Como método para formar gobierno, la democracia contemporánea es el procedimiento que mejor responde a las expectativas de los ciudadanos que prevalidos de sus derechos quieren participar, a través de elecciones, en el nombramiento de sus gobernantes y sus representantes.

No es perfecto y se caracteriza también porque el cambio de líderes, partidos y movimientos en el poder presupone siempre un cierto nivel de incertidumbre. Sin embargo, en los países que han optado por ella se estipula un conjunto de condiciones básicas que así no siempre se cumplan en su totalidad, tiene el sentido de señalar lo más deseable, algo así como un faro que guía a quienes dirigen la nave del estado en el mar embravecido de las tormentas políticas, sociales e ideológicas propias de las sociedades humanas.

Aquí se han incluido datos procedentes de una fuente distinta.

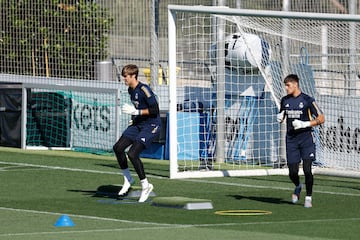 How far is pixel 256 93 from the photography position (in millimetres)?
23156

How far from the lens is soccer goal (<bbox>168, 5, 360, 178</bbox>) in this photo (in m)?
21.8

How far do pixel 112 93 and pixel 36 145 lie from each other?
8.09 ft

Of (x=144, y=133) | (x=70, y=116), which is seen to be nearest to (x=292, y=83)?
(x=144, y=133)

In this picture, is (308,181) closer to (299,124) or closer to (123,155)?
(299,124)

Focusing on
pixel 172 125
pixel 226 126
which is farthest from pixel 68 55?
pixel 172 125

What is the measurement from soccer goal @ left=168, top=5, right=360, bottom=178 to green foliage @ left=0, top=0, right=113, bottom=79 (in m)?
5.24

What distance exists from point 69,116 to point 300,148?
37.6ft

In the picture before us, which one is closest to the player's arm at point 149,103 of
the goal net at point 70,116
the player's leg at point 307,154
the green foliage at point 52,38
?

En una democracia, pues, cabe siempre esperar que quienes ejercen el gobierno garanticen la pureza del sufragio ofreciéndoles a los competidores y a los electores toda la seguridad y la transparencia para que realicen sus campañas, se realicen las elecciones en orden, se cuenten los votos con métodos confiables y, sobre todo, se respete el resultado.

Puede ser un lugar común, incluso, una formalidad, de esas que por ser tales no son menos trascendentales, decir que el electorado y en general la ciudadanía, aun la que no vota, tenga la certeza de que el resultado es fiable.

En una democracia republicana cabe esperar que los partidos y movimientos que concurren a la competencia electoral, una vez formado el gobierno, respetarán, en nombre de la nación y de las instituciones vigentes, la separación de poderes entre las tres ramas del poder.

Ello quiere decir que jueces, gobernantes y legisladores habrán de estudiar, analizar y debatir, cada uno en su esfera, las competencias, pertinencia y legalidad de las iniciativas, leyes y proyectos que surten los pasos para que sean finalmente acogidos y ejecutados. Que no puede haber interferencias ni presiones ni ofrecimientos ni gabelas ni tráfico de influencias entre dichas ramas pues de hacerse se derrumbaría la confianza pública en el sistema democrático que exige sin atenuantes el respeto a la autonomía de cada poder para evitar la formación de roscas, gavillas, mafias u otras modalidades de poder arbitrario y dictatorial.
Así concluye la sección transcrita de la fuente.